Please keep to the lines below from the one with "This will open" through the one with "Now in our nano", and restate them word for word, ends included.

§ **Supplied data**:
—————
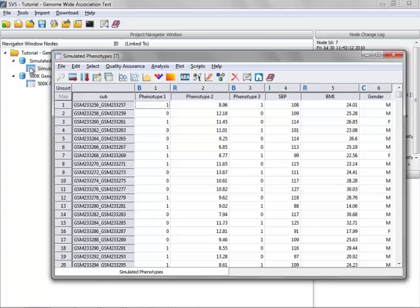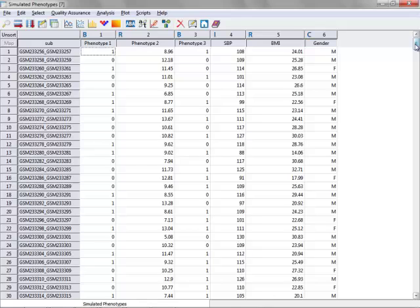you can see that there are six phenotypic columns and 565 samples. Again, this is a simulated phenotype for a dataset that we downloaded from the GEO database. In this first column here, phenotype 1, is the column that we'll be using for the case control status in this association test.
—————
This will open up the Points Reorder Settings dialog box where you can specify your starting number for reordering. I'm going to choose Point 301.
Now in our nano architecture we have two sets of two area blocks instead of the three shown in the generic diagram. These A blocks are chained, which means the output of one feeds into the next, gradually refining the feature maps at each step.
—————
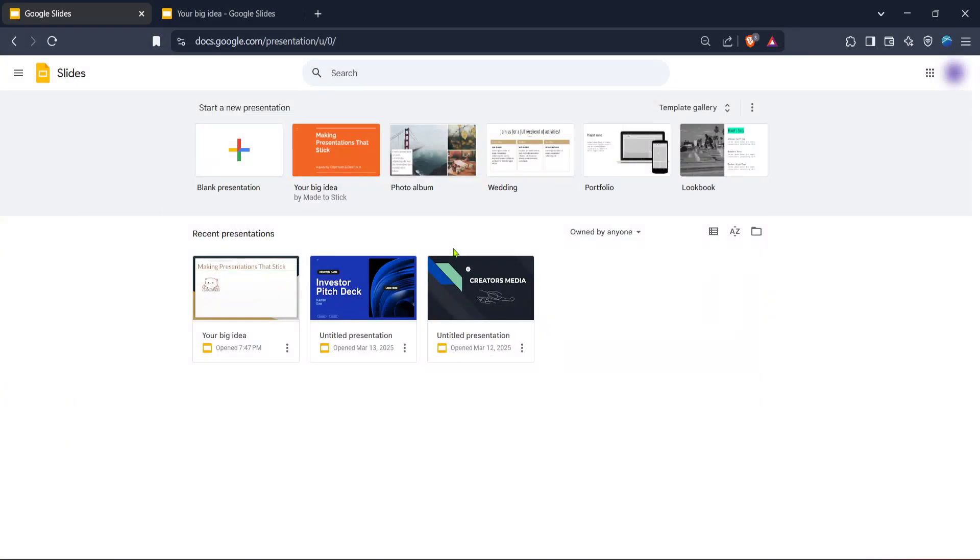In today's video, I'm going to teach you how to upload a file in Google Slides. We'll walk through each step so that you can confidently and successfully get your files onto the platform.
—————
§ **Output**:
This will open up the Points Reorder Settings dialog box where you can specify your starting number for reordering. I'm going to choose Point 301.
Now in our nano architecture we have two sets of two area blocks instead of the three shown in the generic diagram. These A blocks are chained, which means the output of one feeds into the next, gradually refining the feature maps at each step.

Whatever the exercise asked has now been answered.